At the meeting, Stewart told his players that greatness means consistency. Becoming the ACC’s top defense, the Terps’ stated goal at the start of the season, means never having off games, and it starts this week against North Carolina State and senior Mike Glennon, whom Coach Randy Edsall called the top NFL quarterback prospect Maryland will face this season. That includes West Virginia’s Geno Smith.
“We think we can be” consistent, Maryland defensive lineman A.J. Francis said. “We let [Virginia] run the ball pretty much at will for most of the game, and that’s not something we can’t do if we want to be a successful defense. Our goal was to stop the run then get them pass-happy. We thought we could get after the quarterback, which we did. They were still able to run the ball on us.”
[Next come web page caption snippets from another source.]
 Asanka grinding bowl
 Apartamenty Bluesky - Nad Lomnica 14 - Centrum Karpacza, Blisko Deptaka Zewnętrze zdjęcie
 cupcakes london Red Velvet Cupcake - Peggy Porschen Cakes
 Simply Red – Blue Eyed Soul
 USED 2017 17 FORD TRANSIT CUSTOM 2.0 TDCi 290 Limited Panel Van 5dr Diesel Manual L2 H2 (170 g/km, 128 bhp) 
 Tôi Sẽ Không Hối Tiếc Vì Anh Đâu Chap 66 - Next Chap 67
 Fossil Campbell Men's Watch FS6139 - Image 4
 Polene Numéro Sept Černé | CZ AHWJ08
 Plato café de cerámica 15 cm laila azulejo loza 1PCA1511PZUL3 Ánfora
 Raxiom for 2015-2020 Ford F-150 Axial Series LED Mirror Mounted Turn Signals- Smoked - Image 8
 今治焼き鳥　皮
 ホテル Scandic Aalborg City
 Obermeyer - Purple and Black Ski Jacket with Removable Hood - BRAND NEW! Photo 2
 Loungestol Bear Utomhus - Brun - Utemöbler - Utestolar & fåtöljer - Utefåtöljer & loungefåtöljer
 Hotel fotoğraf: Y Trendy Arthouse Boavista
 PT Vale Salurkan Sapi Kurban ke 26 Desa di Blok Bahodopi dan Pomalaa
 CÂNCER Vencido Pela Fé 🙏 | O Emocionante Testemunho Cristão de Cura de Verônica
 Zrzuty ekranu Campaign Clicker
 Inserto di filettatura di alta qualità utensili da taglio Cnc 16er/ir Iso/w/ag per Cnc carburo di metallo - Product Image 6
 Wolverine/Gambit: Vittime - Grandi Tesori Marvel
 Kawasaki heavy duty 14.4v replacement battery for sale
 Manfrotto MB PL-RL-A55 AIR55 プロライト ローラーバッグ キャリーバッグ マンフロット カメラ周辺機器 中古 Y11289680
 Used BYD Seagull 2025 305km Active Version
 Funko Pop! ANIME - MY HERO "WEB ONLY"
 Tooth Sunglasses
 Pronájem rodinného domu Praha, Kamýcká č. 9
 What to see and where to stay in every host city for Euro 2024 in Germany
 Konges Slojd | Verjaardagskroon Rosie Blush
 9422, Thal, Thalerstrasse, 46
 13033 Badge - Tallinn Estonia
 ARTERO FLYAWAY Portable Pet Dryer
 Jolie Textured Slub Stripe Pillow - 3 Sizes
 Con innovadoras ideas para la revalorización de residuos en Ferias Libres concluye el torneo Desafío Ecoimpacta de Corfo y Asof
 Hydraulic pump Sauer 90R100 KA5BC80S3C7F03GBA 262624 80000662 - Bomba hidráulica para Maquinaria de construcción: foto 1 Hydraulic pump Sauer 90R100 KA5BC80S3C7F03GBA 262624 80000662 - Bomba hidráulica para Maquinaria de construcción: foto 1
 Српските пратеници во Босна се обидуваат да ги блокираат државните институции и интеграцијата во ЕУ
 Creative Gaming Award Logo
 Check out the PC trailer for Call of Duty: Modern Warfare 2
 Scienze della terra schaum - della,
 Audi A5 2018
Allowing 168 rushing yards is hardly cause for panic, but this is a unit that’s set high expectations, even before its dramatic turnaround manifested itself on the field. But The Terps still received was some see as a win-win scenario against the Cavaliers: Maryland moved to 4-2, two wins short of bowl eligibility, and the defense received what some believe was a wake-up call.
“It puts things back in perspective,” Francis said. “You’re not as good as you think you are. I think we understand, we still have to come to play every single week. These guys we play against are just going to keep getting better and better as conference play goes along. That’s what it comes down to, we have to stop the run if we want to win.”